Beneath this task are the entries; from the line with "Gudrun By Unsere Urlaubszeit דירה בינץ" through the last one, transcribe every line exactly and nothing else, skipping pictures.

*****

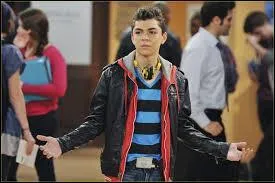 Comment s'appelle le meilleur ami de Ty ?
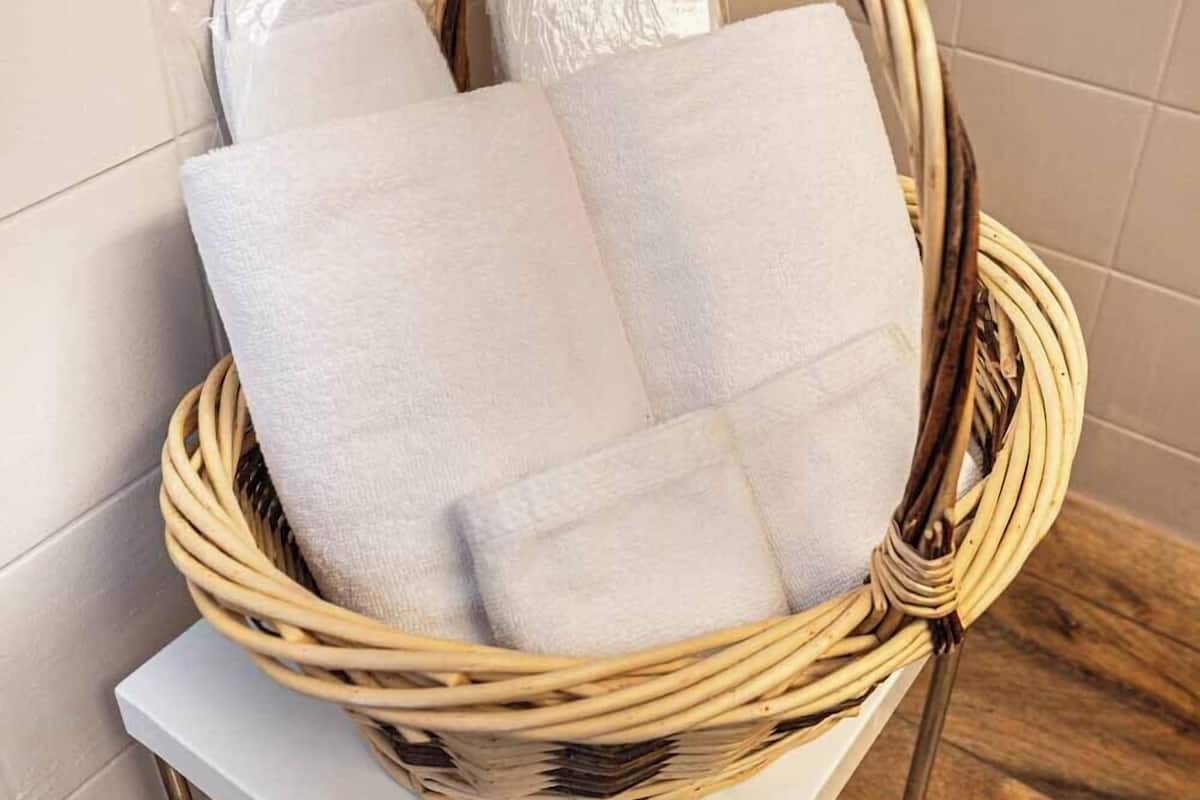 deluxe double room, balcony, mountain view | bathroom | shower, hair dryer, towels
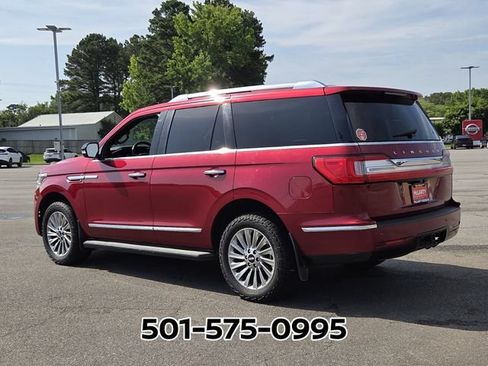 Used 2019 Lincoln Navigator Premiere AWD/4WD image 3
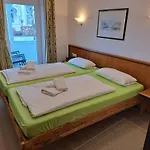 Gudrun By Unsere Urlaubszeit דירה בינץ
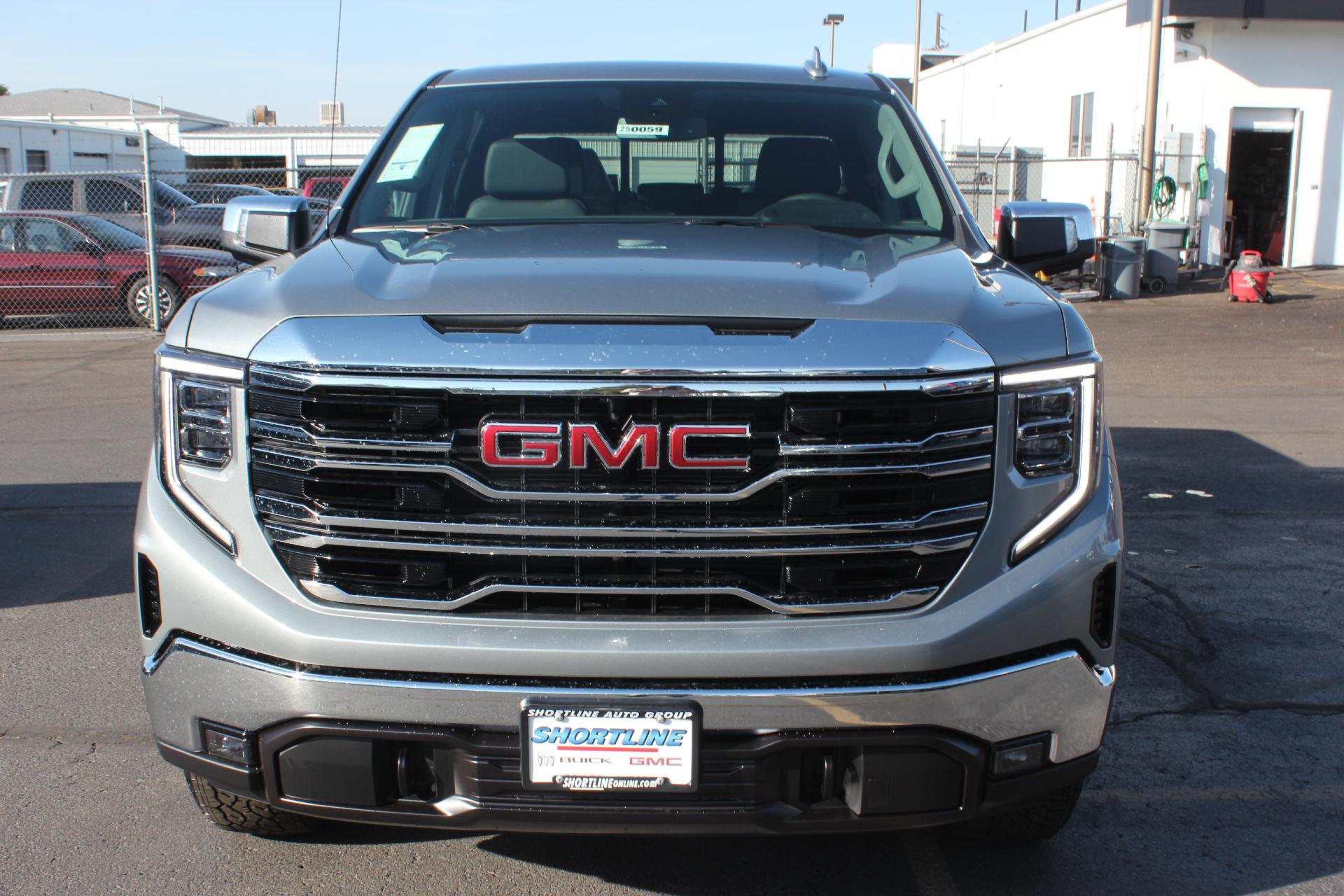 2025 GMC Sierra 1500 Vehicle Photo in AURORA, CO 80012-4011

*****

● EXPECTED OUTPUT:
 Gudrun By Unsere Urlaubszeit דירה בינץ
 2025 GMC Sierra 1500 Vehicle Photo in AURORA, CO 80012-4011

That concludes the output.